# PROBLEM STATEMENT:
Omit all pictures, then print the entries exactly.
── LISTED RECORDS ──
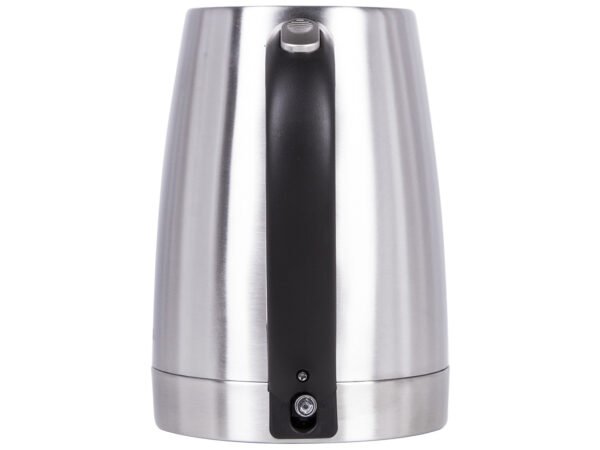 Електричний чайник Vitek VT-7000 - Зображення 6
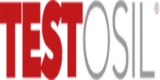Testosil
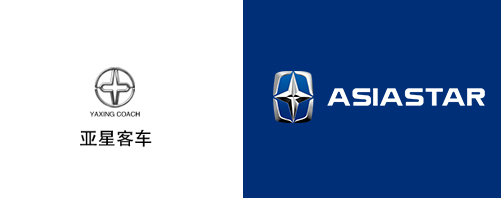 asiastarbus logo ǿ܇ȫ(bio)R 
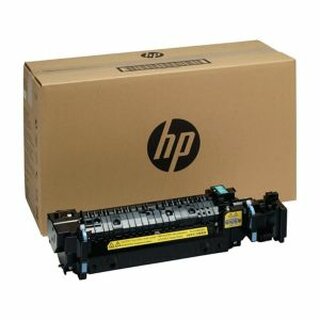 HP Fixiereinheit P1B91A, 110 V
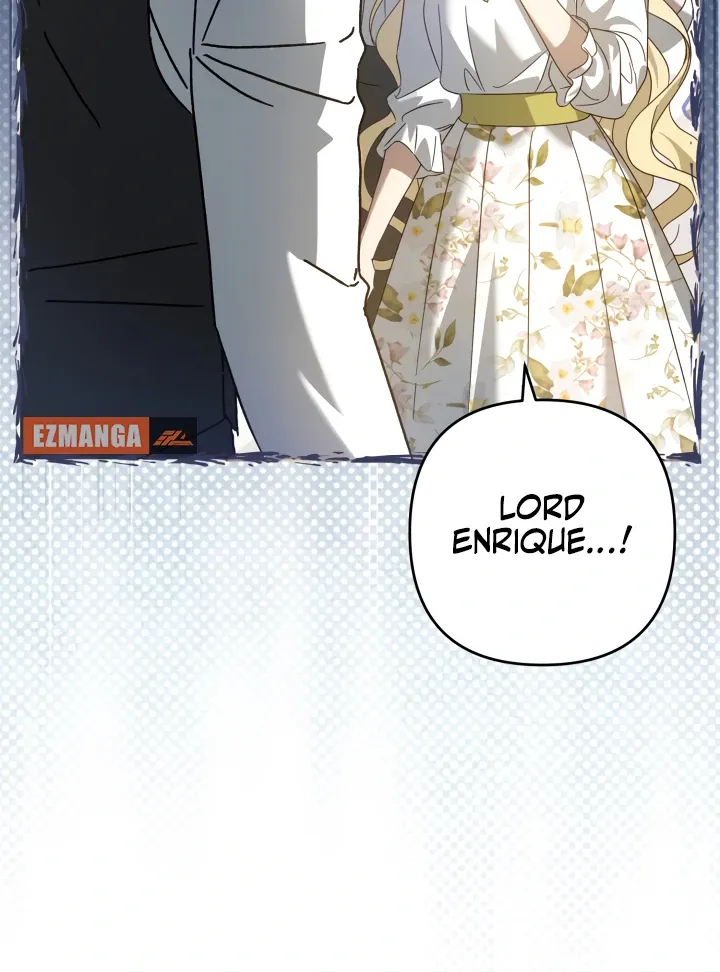 The Extra Guardian Missed the Right Time to Leave Chapter 55 page 60 - 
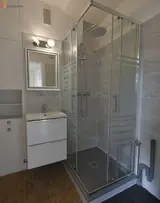 Miniature 29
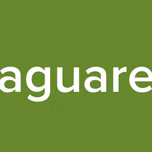 Jaguares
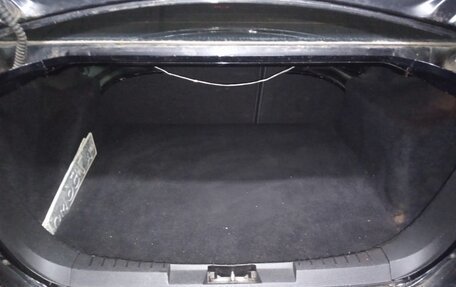 Ford Focus II рестайлинг, 2008 год, 495 000 рублей, 3 фотография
───
# ANSWER BOX:
 Електричний чайник Vitek VT-7000 - Зображення 6
Testosil
 asiastarbus logo ǿ܇ȫ(bio)R 
 HP Fixiereinheit P1B91A, 110 V
 The Extra Guardian Missed the Right Time to Leave Chapter 55 page 60 - 
 Miniature 29
 Jaguares
 Ford Focus II рестайлинг, 2008 год, 495 000 рублей, 3 фотография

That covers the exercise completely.